# I need help :(



## RafaelMarujo (Jan 22, 2021)

Hey guys, even though it's my first time posting, i love reading and watching all your guy's projects, but i know find myself in need of more experienced help. 
So i decided to sell my lathe (a old as* atlas 10" wich i love) because i found a really good (and i mean really good, too good to pass up) deal on a massive lathe. Its in relative good condition... Ok it's in a not very good condition... But it has alot of potential, it just need a lil fixin' on the tailstock and a fresh coat of paint, the bearings and ways are super nice and it has barely any wear at all, I've seen the actual lathe yesterday.. 
Enough bothering you guys with talk tho, now to my actual problem, every, and i mean EVERY knob is missing its plaque, i have no ideia of the designations of feed and speeds, and thread cutting and etcetera. The thing is i cant find any thing online about that brand of lathe, especially because its a spanish brand and im guessing there aren't many of those lathes around
I will attach pics of the actual lathe and some pics i found online of the same model lathe.. 
My question is if anyone can help me find pictures or something, or help me calculate the gear ratios of the gears when i actually bring the lathe home 
If you have read this far i hope you have a great day, and i apologize for ramblin on and on.

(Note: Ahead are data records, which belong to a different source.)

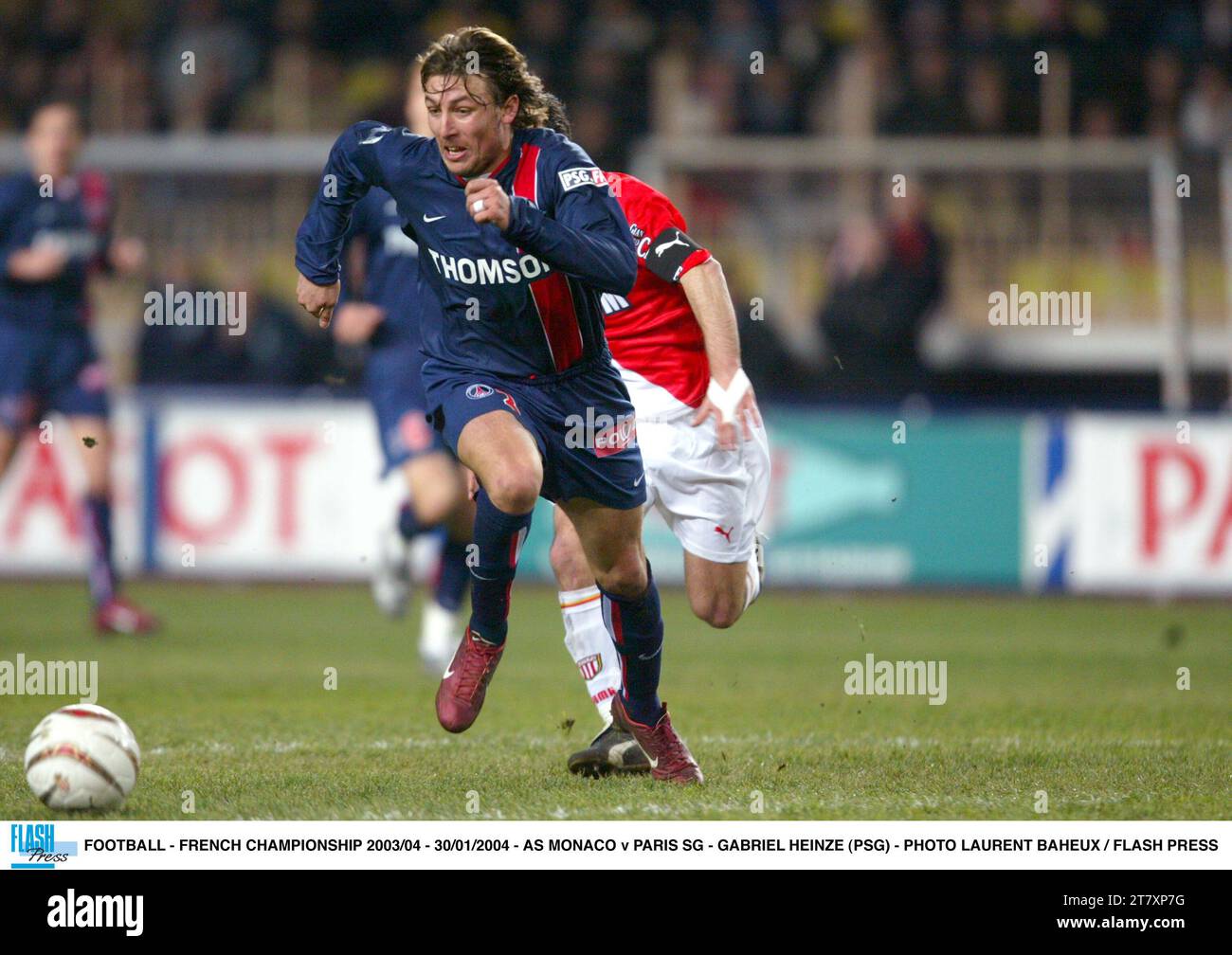 FOOTBALL - FRENCH CHAMPIONSHIP 2003/04 - 30/01/2004 - AS MONACO v PARIS SG - GABRIEL HEINZE (PSG) - PHOTO LAURENT BAHEUX / FLASH PRESS Stock Photo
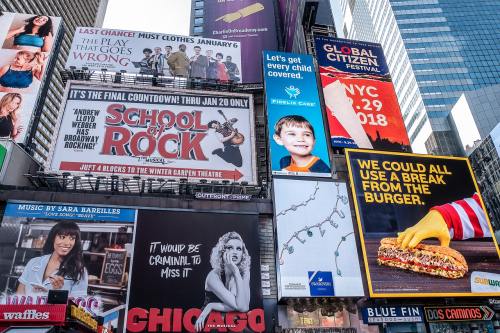 缅甸7.9级地震波及云南瑞丽，珠宝商：珠宝翡翠未受损，有酒店住客穿裤衩避险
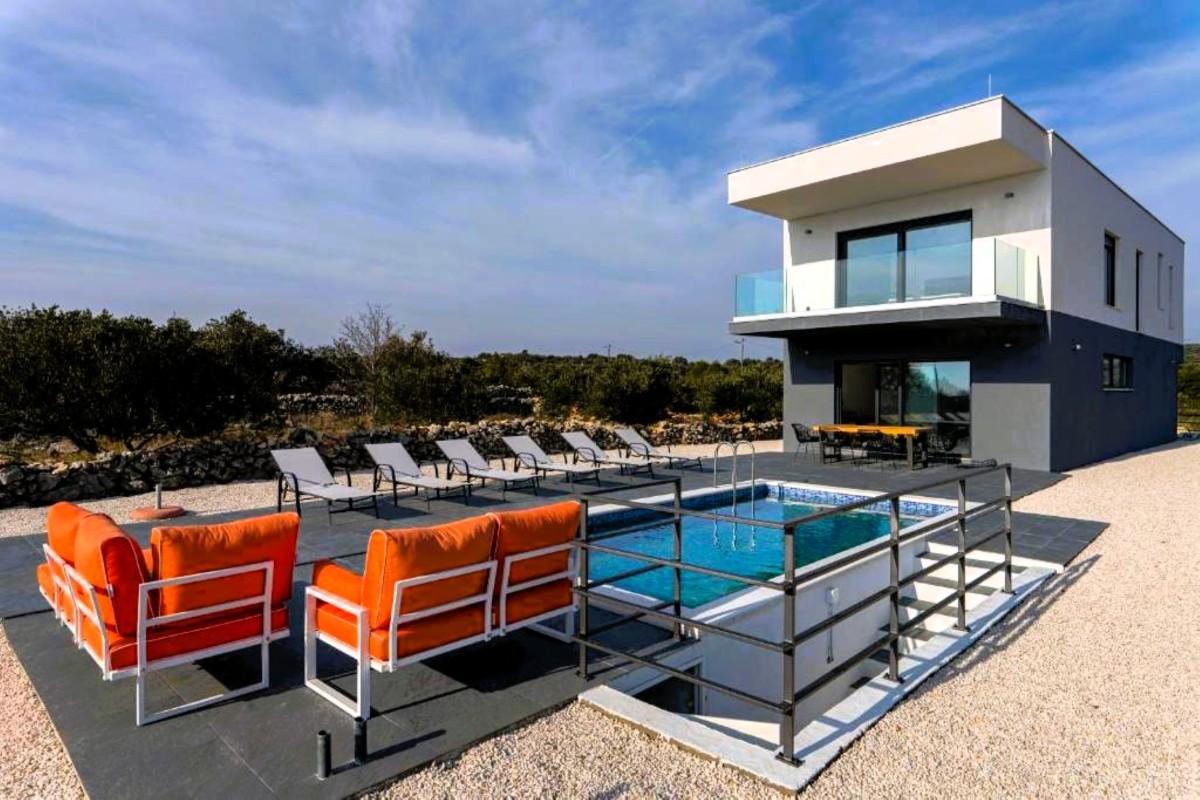 001-2044-84-Marina-villa-with-heated-pool-and-sea-view-for-sale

Thank you


----------



## Jim F (Jan 22, 2021)

BILCIA Lathes, Types 20, 25, M4 and M6 Catalogues | store.lathes.co.uk
					






					store.lathes.co.uk


----------



## RafaelMarujo (Jan 22, 2021)

Jim F said:


> BILCIA Lathes, Types 20, 25, M4 and M6 Catalogues | store.lathes.co.uk
> 
> 
> 
> ...


I have seen that but It doesn't really help because i dont know the model of the lathe


----------



## Winegrower (Jan 22, 2021)

I ran into this problem on an old Monarch, no markings at all.   I just played with every control until it made sense.   The threading/feed chart is predictable when you fill in a sparse matrix of points.

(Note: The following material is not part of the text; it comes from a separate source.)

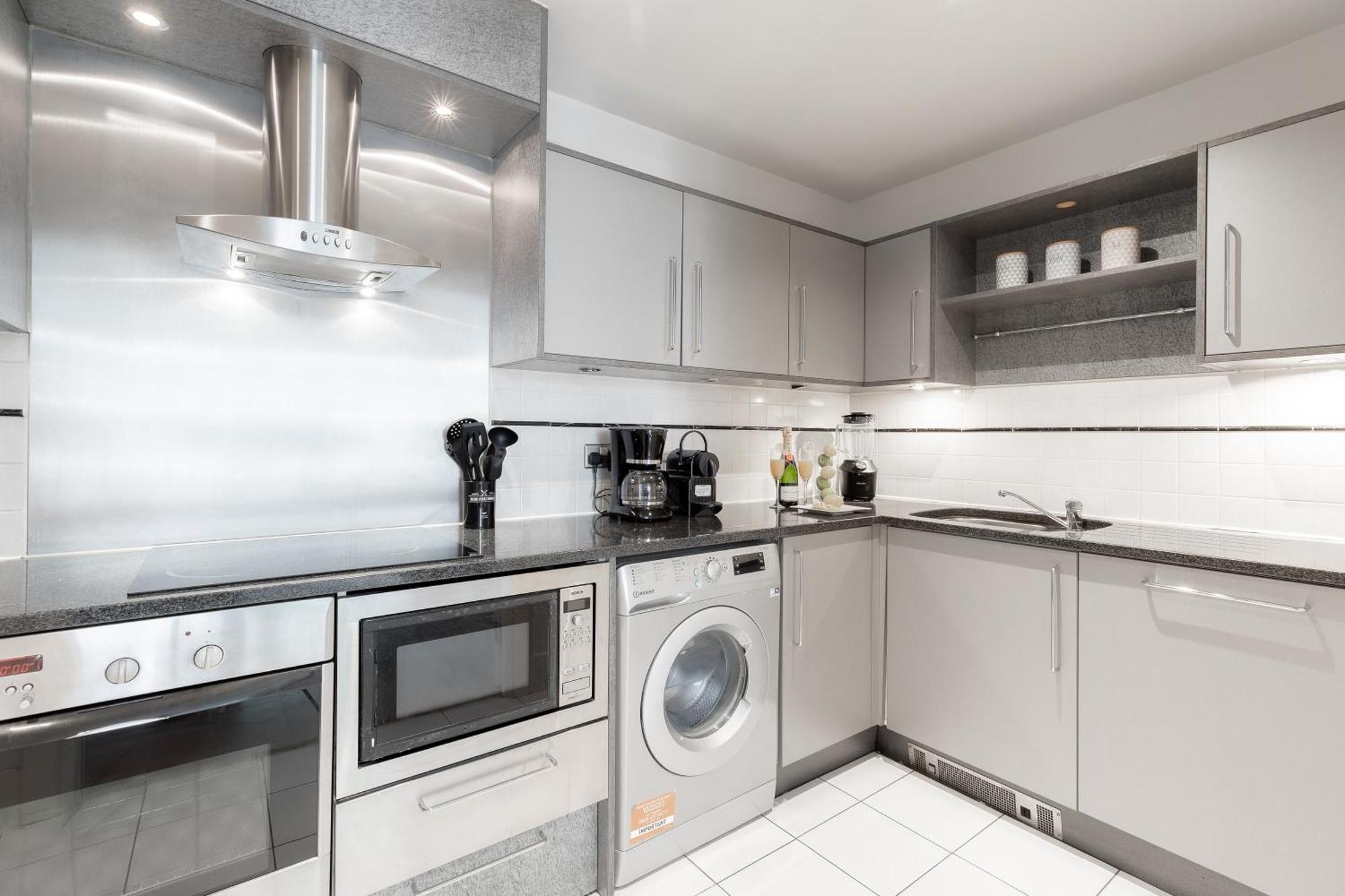 Thames View In Town! Large Luxxe Nomad Design Family Apartment *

These are not the most complex of machines, and all makes/models I’ve seen have pretty similar features.


----------



## RafaelMarujo (Jan 22, 2021)

Winegrower said:


> I ran into this problem on an old Monarch, no markings at all.   I just played with every control until it made sense.   The threading/feed chart is predictable when you fill in a sparse matrix of points.
> 
> These are not the most complex of machines, and all makes/models I’ve seen have pretty similar features.


Ok i will try that thank you
Its what i did when i first got my shaper, but it turns out the plaques and markings were just buried underneath 60y of no cleaning


----------



## Winegrower (Jan 22, 2021)

Buenos suerte, Rafael.   Will be fun to have a big lathe like that.


----------



## RafaelMarujo (Jan 22, 2021)

Winegrower said:


> Buenos suerte, Rafael.   Will be fun to have a big lathe like that.


Thank you so much, if its half as fun as my big shaper, ill be over the moon


----------



## extropic (Jan 22, 2021)

@RafaelMarujo

Welcome to the group.

If you look under the "Get in Touch" headline, at the bottom of the page that @Jim F linked to, there is an email address.
Send Tony a bunch of good photos of your lathe and ask him if one of the available publications is applicable.
Since he doesn't seem to have a BILCIA lathe pictured, he may well be interested in your project.

Good luck.


----------



## RafaelMarujo (Jan 22, 2021)

extropic said:


> @RafaelMarujo
> 
> Welcome to the group.
> 
> ...


Hi
Oh thats smart i haven't thought about tgat!! Ill do that and see if i can get lucky, thanks you!!!


----------